When volcanic centers this size erupt, there is a huge degassing process associated with it: sulfur dioxide and vast amounts of carbon dioxide are released. When Mount Pinatubo erupted in 1992, it sent a proportionally smaller cloud of SO2 into the stratosphere – and the Earth’s average temperature cooled for two years afterwards. And that’s just from what happens in the stratosphere, from a single point volcano.
Could there be a third reason for mass extinctions?
Around 40,000 years ago, most of the large animals of Australia abruptly disappeared. These included the rhino-sized, wombat-like marsupials called Diprotodons, giant 200-kg kangaroos, a goanna bigger than the modern Komodo dragon, a giant goose-like bird twice the size of the emu, and many others.

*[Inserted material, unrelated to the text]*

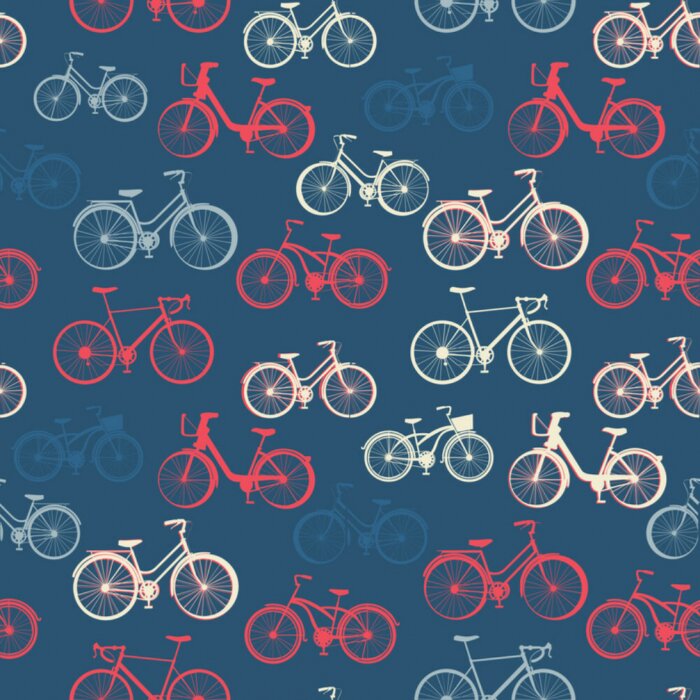 Fototapete Seamless pattern with vintage bicycles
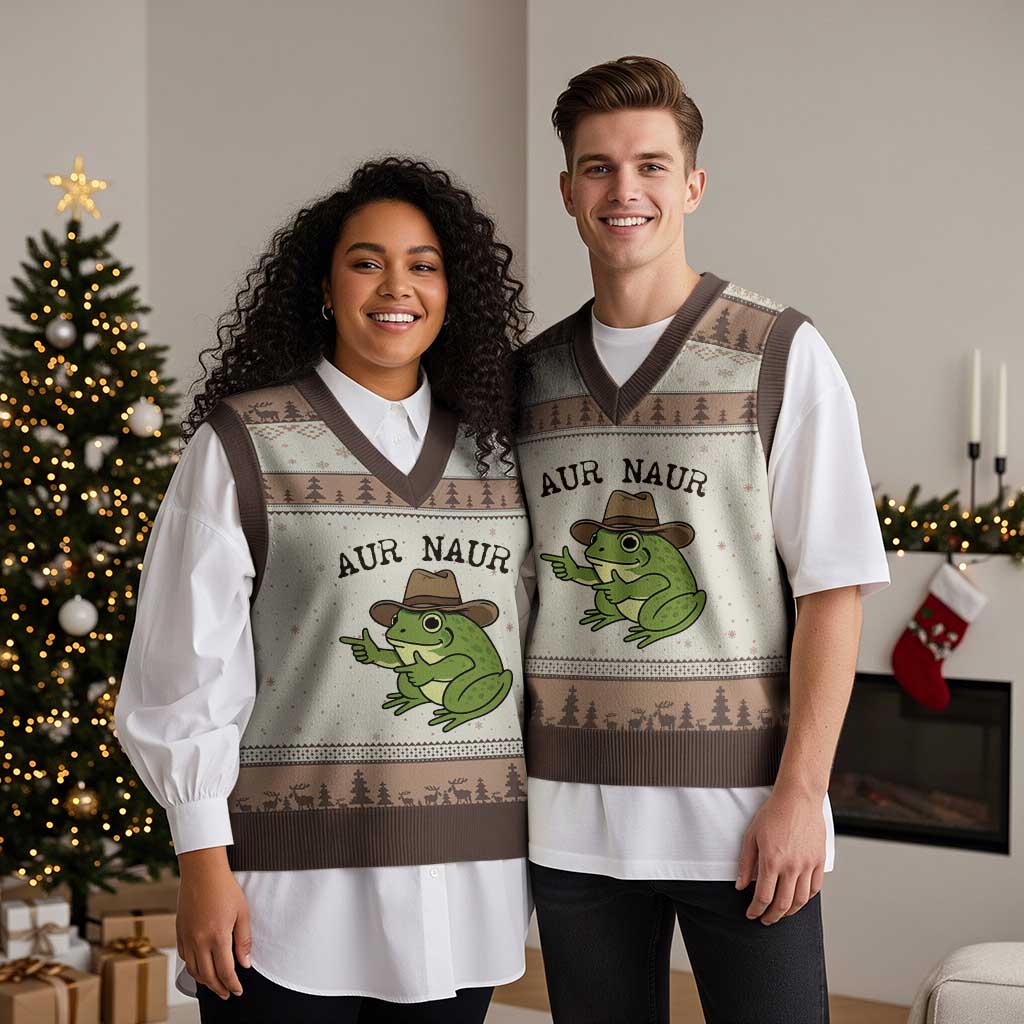 AUR Naur Cowboy Frog Meme V-Neck Knit Sweater Vest Funny Sarcastic Oh No Australian Accent TS14 Mocha Mousse Print Your Wear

These animals had survived at least two episodes of climate change prior to 40,000 years ago. In North America about 12,000 years ago, most of the large “charismatic megafauna” of North America (mammoths, giant sloths, camels, cave bears, saber-tooth tigers, etc.) suddenly disappeared. In both cases, these mass extinction events (and a more recent event on Madagascar that is still very much on-going) correlate closely with the arrival of the human species in these regions. The implication of overhunting is hard to miss here. As the human population surges past 7 billion today, the largest mass extinction in the past 65 million years is fully underway, and the Passenger Pigeon is just one of the first and best-known victims (Kolbert, 2014). Habitat loss, overhunting, and accelerating climate change are the proximate mechanisms for this current and stunningly rapid mass extinction event.
The End of Things As We Know It
There are Near Earth Objects (NEO’s) out there that NASA and the US Air Force are monitoring (the number keeps growing, but at least the search process is now automated). Based on their known sizes (we can generally only see the big ones) and what happened at Chicxulub 66 million years ago, many of these could wipe out human civilization as we currently know it… not if, but when, one hits us.
If Yellowstone (just one of several known supervolcanoes) unzipped tomorrow, it would cover the eastern two thirds of the United States with a vast blanket of ash, suffocating most living things within the first several hundred kilometers in all directions. The gas-release and the peripheral consequences would devastate the entire planet. To put things in perspective, the last eruption 640,000 years ago left an off-white layer 20 meters (65 feet) thick called the Pearlette Ash Formation near Colorado Springs… 800 miles away. Nothing survived under this ash blanket. I have personally pulled a camel’s tooth from the bottom of this formation.
However, the real problem may be even more imminent. The greatest mass extinction in the history of the planet is underway right now (Kolbert, 2014). The levels of carbon dioxide in the atmosphere crossed over 400 ppm in 2013 (Showstack, 2013), and the rise is accelerating.
It reached 415 ppm in 2019 (https://www.sciencealert.com/it-s-official-atmospheric-co2-just-exceeded-415-ppm-for-first-time-in-human-history ).
As Pogo said, “We has met the enemy, and it is us.”